The city of Kazan, capital of Russia's Tatarstan Republic, can trace its history back through the centuries to the site of its original settlement, the outstanding Kremlin. The Kremlin - or walled citadel - in Kazan was made a UNESCO world heritage site in 2000 in recognition of its uniqueness and historical importance.
As you arrive, the most striking thing about Kazan's Kremlin is its pristine white walls, which surround the site and are mirrored by the white government buildings and the presidential palace. The complex reflects the ethnic mix of the Russians and Tatars who live here and their two centers of worship, containing both the magnificent Kol Sharif mosque and striking Annunciation Cathedral.
The Kol Sharif is the largest mosque in Europe and also home to a rich collection of ancient books. Visitors are welcome and positively encouraged to step inside and explore here, but remember that both men and women are expected to cover their heads. Remarkably, the mosque was rebuilt in 2005, replacing the original destroyed by Ivan the Terrible in the 16th century. The Annunciation Cathedral is also a gem not to be missed. Completed in 1561, it is believed to have been designed by Yakovlev - the architect behind St Basil's in Moscow.

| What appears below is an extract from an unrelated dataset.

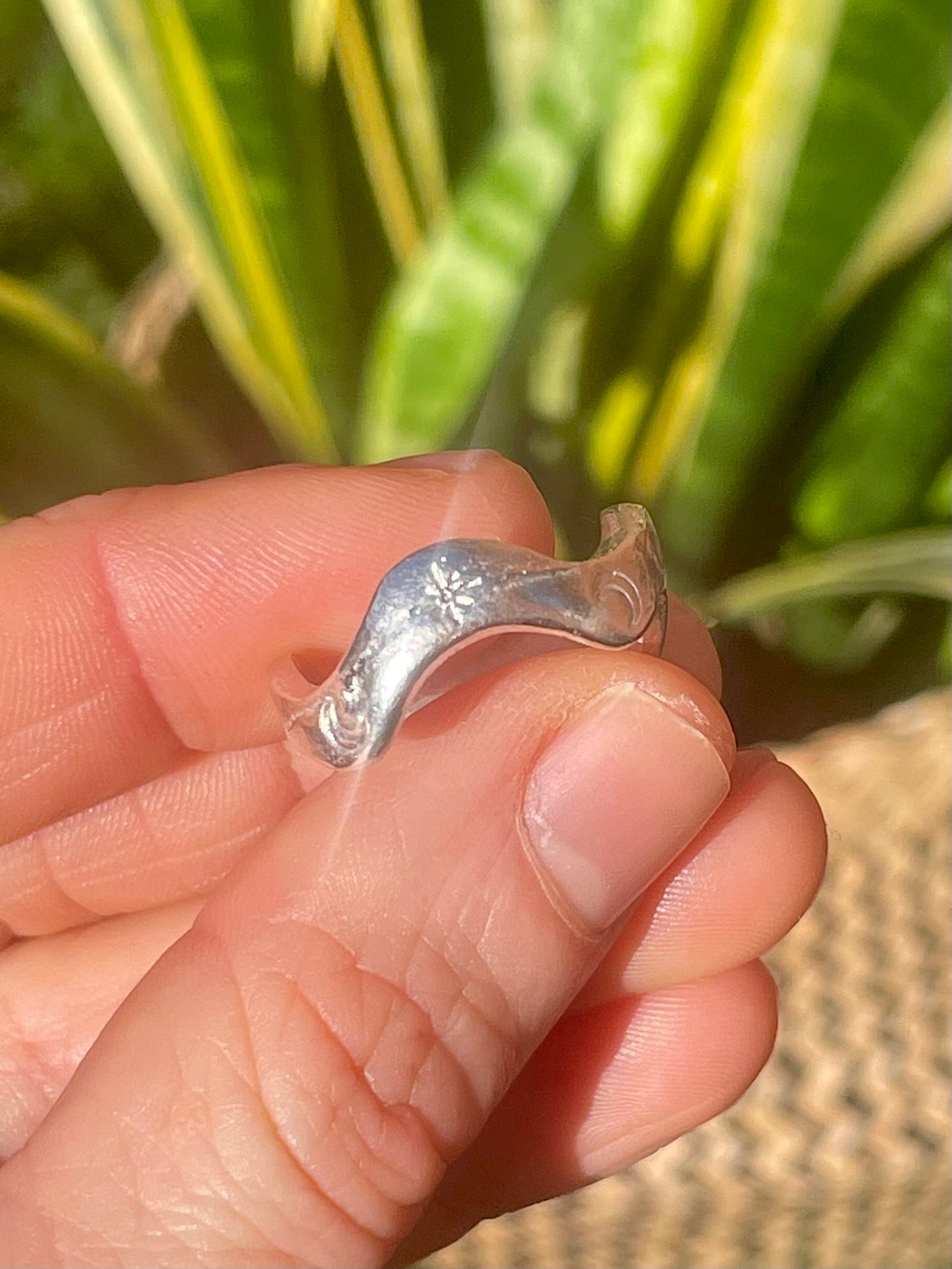 Sandcast moon & star silver wave ring | made to order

While the Kremlin is an undoubted highlight of any visit to Kazan, the city itself has plenty of other historical and cultural delights to offer. Meticulously refurbished for Kazan's 1000 year celebrations in 2005, the city centre is a wonderful place to explore and soak up the unique Tatar culture the locals here pride themselves in. With its own opera house, philarmonic orchestra and both a museum and theatre devoted to Tatar history and art, Kazan offers a truly unique cultural experience.
Like all ancient cities Kazan abounds with legends, and in the Kremlin you will find the Söyembikä tower, which dominates the skyline. Söyembikä was the last queen of Kazan. Ivan the Terrible, who was struck by her beauty and proposed to her. She said she would only marry him if he built the tallest tower in Kazan for her within seven days. Ivan accomplished this, each tier of the tower being finished one day after the next. Seeing this, the grief-stricken Söyembikä asked to climb the tower so she could address the Tatar people before she was taken off to be married. She climbed to the highest story and jumped from it. Sadly the modern visitor is no longer allowed to climb the tower because, rather like the leaning Tower of Pisa, the Söyembikä tower has begun to tilt alarmingly, despite efforts to stabilise it.
As the capital and cultural heart of the Tatarstan Republic, Kazan retains a strong sense of its ancient heritage. Nearly half of its inhabitants are descendants of the Golden Horde - the founders of the city - and all signs here are written in both Russian and Tatar.